═══ Records provided ═══
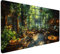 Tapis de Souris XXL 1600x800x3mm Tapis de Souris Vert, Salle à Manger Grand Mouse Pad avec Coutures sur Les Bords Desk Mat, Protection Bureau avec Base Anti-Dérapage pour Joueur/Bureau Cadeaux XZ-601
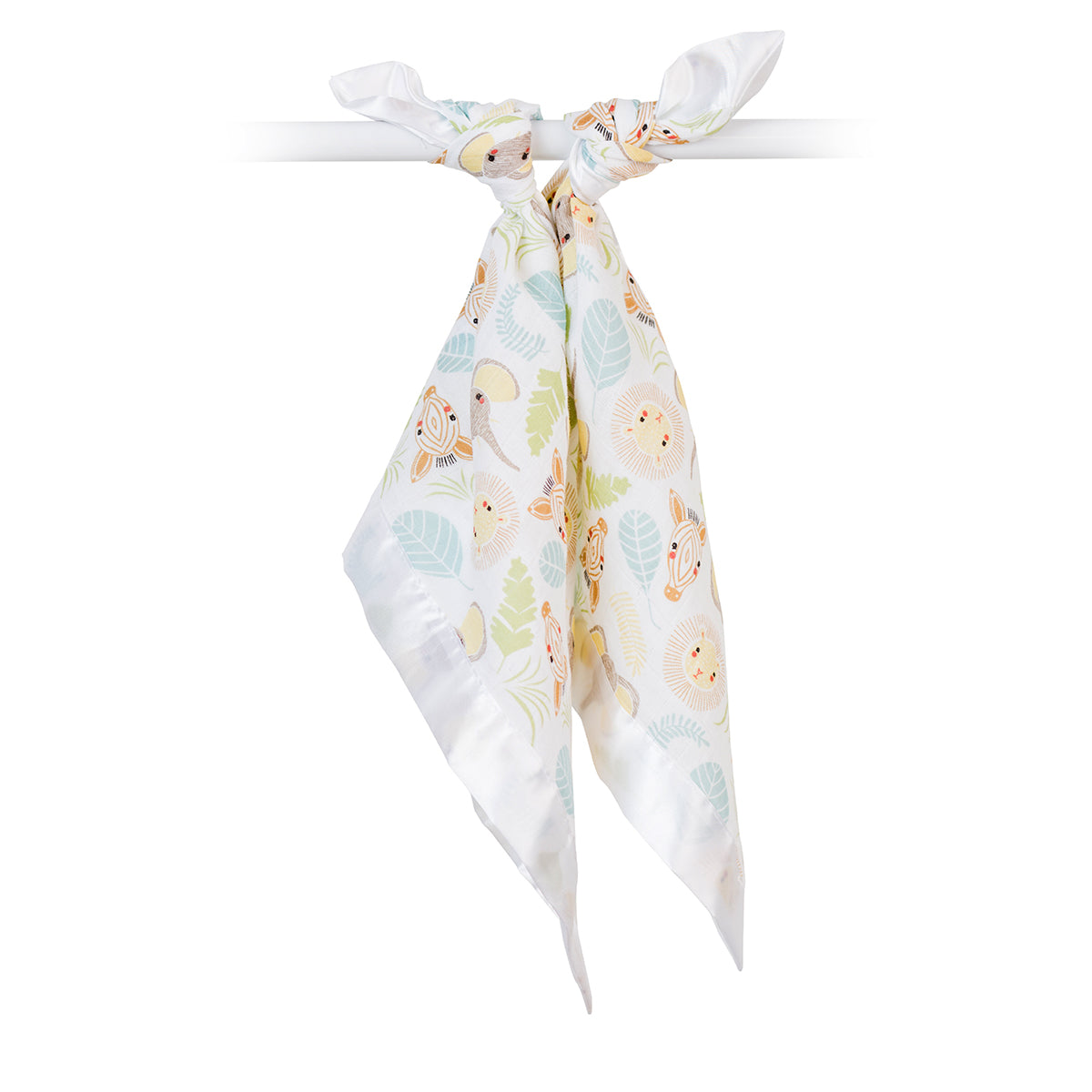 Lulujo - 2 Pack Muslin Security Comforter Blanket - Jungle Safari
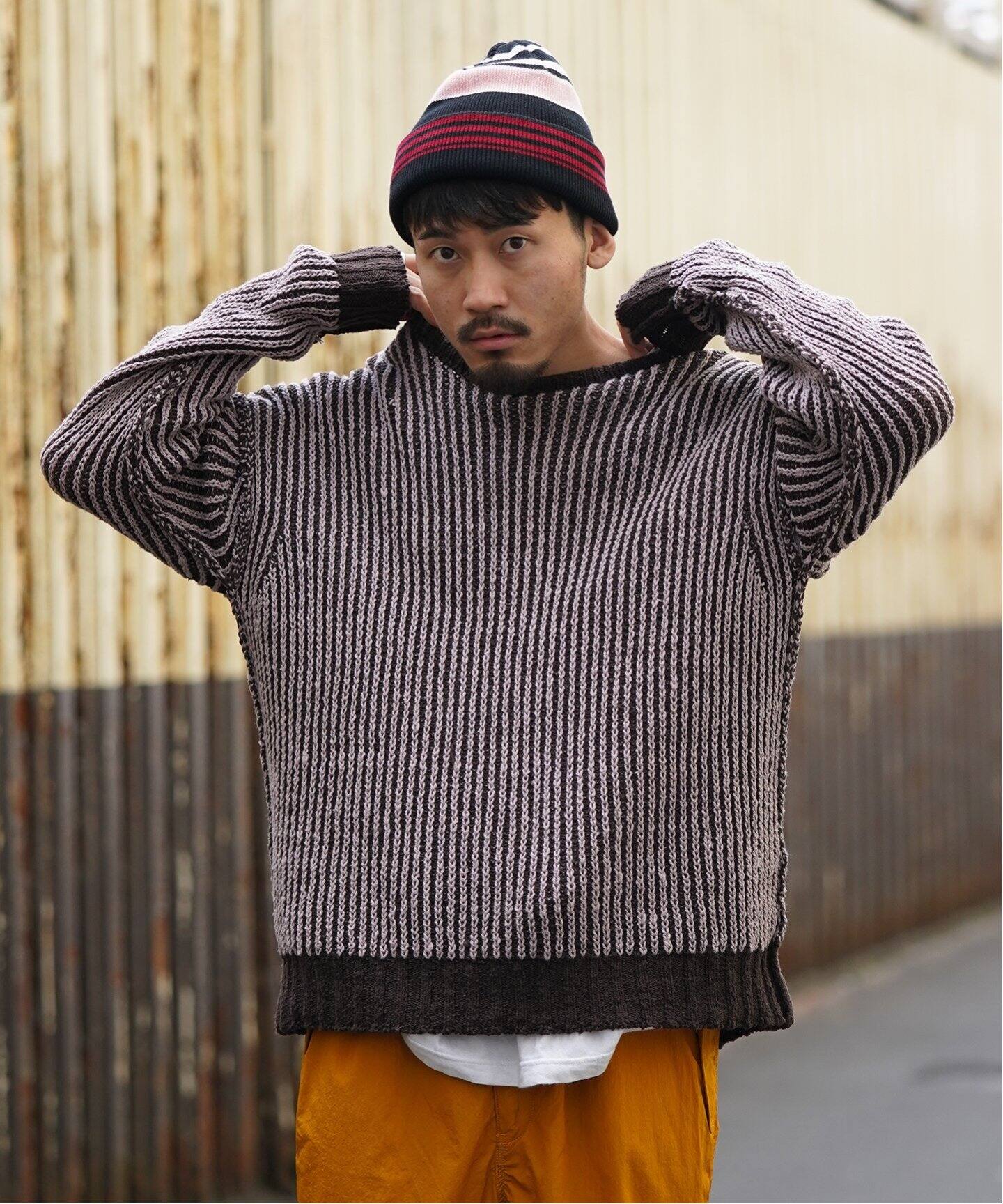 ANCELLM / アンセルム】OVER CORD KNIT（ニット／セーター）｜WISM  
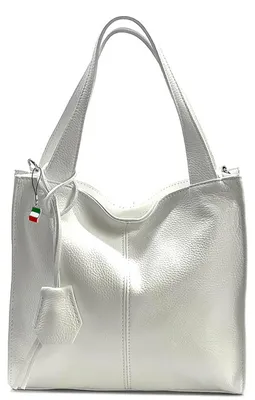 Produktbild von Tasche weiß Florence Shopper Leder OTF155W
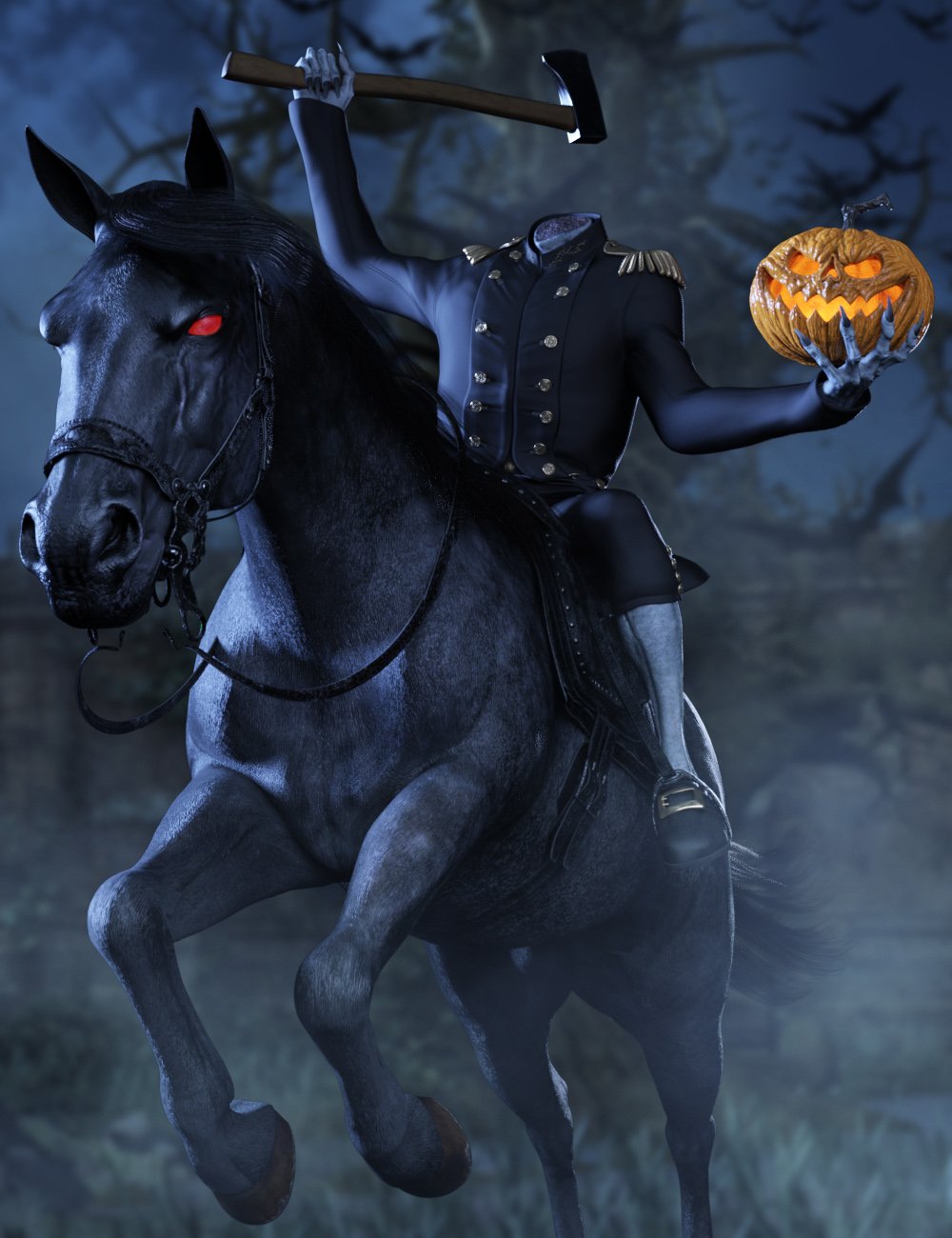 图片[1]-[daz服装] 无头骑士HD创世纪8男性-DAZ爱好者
═══
Task brief :: Exactly the lines from the one holding "Lulujo - 2 Pack" through the last line of the entries, both included, are to be duplicated; leave the pictures out.

Written solution ::
 Lulujo - 2 Pack Muslin Security Comforter Blanket - Jungle Safari
 ANCELLM / アンセルム】OVER CORD KNIT（ニット／セーター）｜WISM  
 Produktbild von Tasche weiß Florence Shopper Leder OTF155W
 图片[1]-[daz服装] 无头骑士HD创世纪8男性-DAZ爱好者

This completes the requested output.